Output the records exactly, and drop each picture.
BEGIN Material to process
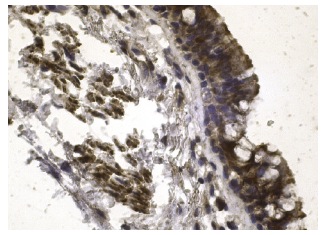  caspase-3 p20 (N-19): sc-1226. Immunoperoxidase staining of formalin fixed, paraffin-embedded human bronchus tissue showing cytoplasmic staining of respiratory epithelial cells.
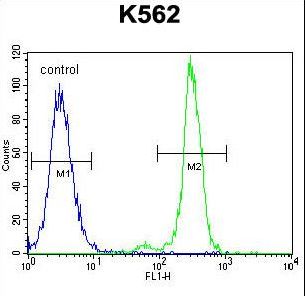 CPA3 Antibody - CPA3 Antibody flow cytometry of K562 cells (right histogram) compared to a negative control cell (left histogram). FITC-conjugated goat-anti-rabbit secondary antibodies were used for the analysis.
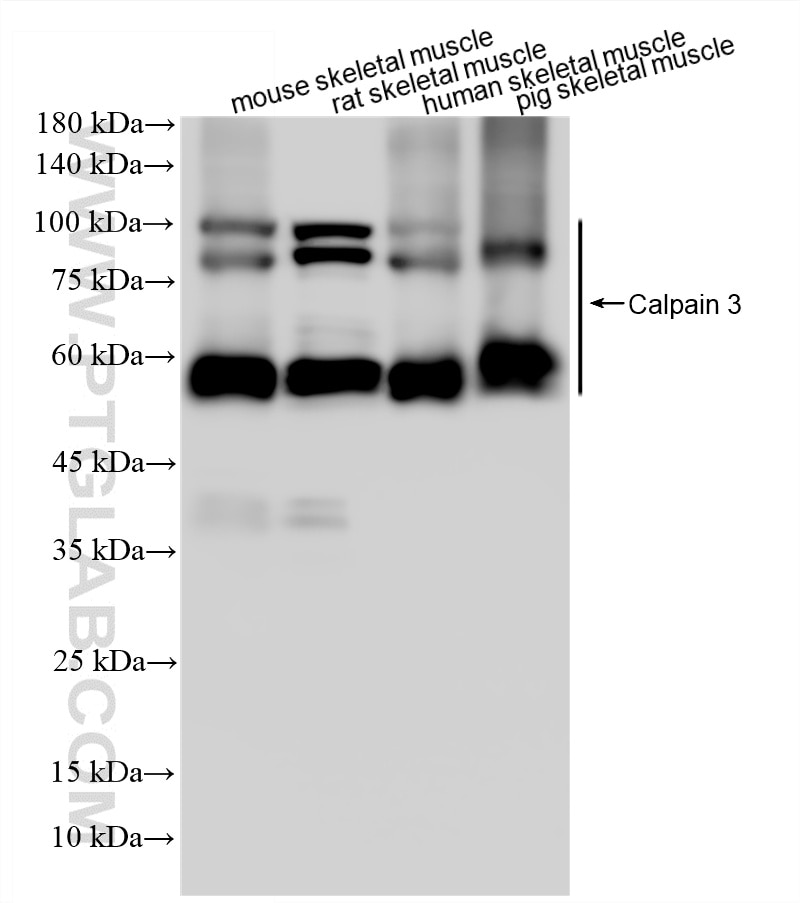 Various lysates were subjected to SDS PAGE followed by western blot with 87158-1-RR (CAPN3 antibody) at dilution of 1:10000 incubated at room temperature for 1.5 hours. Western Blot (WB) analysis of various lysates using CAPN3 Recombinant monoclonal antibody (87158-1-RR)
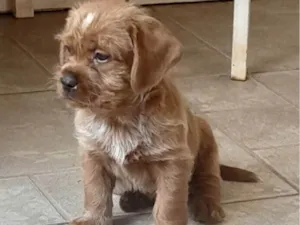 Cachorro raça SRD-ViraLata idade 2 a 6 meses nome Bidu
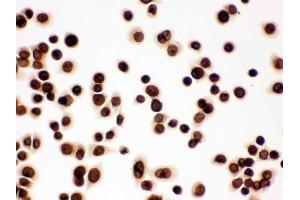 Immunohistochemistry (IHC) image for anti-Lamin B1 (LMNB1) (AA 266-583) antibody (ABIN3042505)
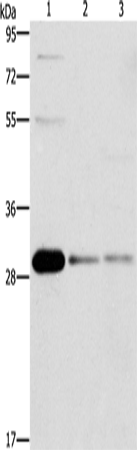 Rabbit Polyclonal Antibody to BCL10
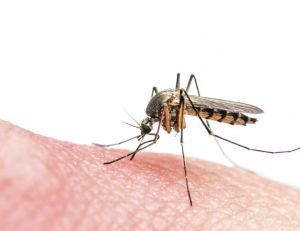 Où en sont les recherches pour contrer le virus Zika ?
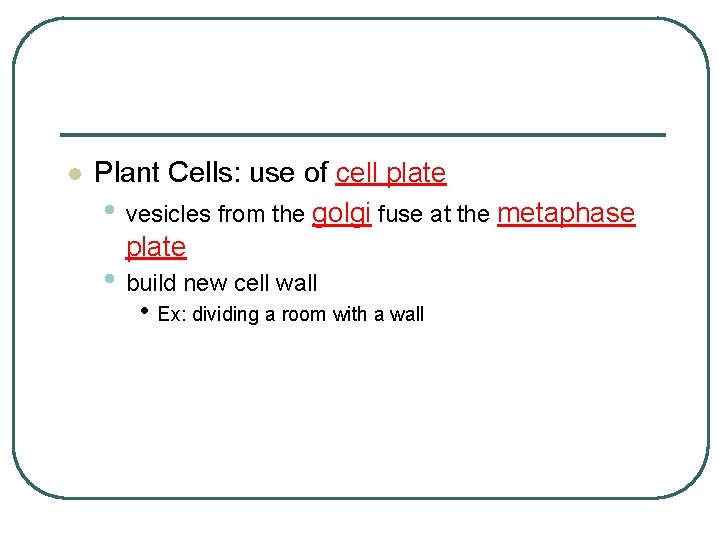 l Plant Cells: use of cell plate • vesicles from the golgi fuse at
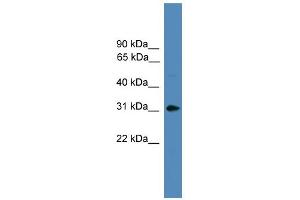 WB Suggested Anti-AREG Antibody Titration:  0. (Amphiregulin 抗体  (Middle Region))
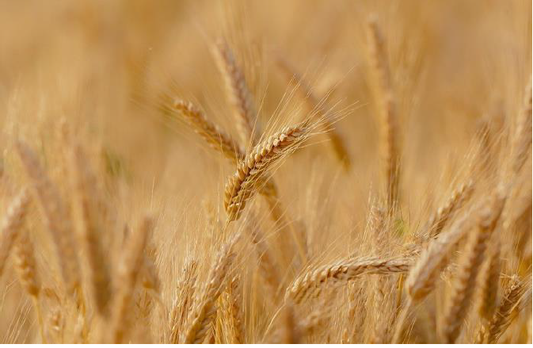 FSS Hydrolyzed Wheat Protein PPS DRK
END Material to process
§ **Exercise result**:
  caspase-3 p20 (N-19): sc-1226. Immunoperoxidase staining of formalin fixed, paraffin-embedded human bronchus tissue showing cytoplasmic staining of respiratory epithelial cells.
 CPA3 Antibody - CPA3 Antibody flow cytometry of K562 cells (right histogram) compared to a negative control cell (left histogram). FITC-conjugated goat-anti-rabbit secondary antibodies were used for the analysis.
 Various lysates were subjected to SDS PAGE followed by western blot with 87158-1-RR (CAPN3 antibody) at dilution of 1:10000 incubated at room temperature for 1.5 hours. Western Blot (WB) analysis of various lysates using CAPN3 Recombinant monoclonal antibody (87158-1-RR)
 Cachorro raça SRD-ViraLata idade 2 a 6 meses nome Bidu
 Immunohistochemistry (IHC) image for anti-Lamin B1 (LMNB1) (AA 266-583) antibody (ABIN3042505)
 Rabbit Polyclonal Antibody to BCL10
 Où en sont les recherches pour contrer le virus Zika ?
 l Plant Cells: use of cell plate • vesicles from the golgi fuse at
 WB Suggested Anti-AREG Antibody Titration:  0. (Amphiregulin 抗体  (Middle Region))
 FSS Hydrolyzed Wheat Protein PPS DRK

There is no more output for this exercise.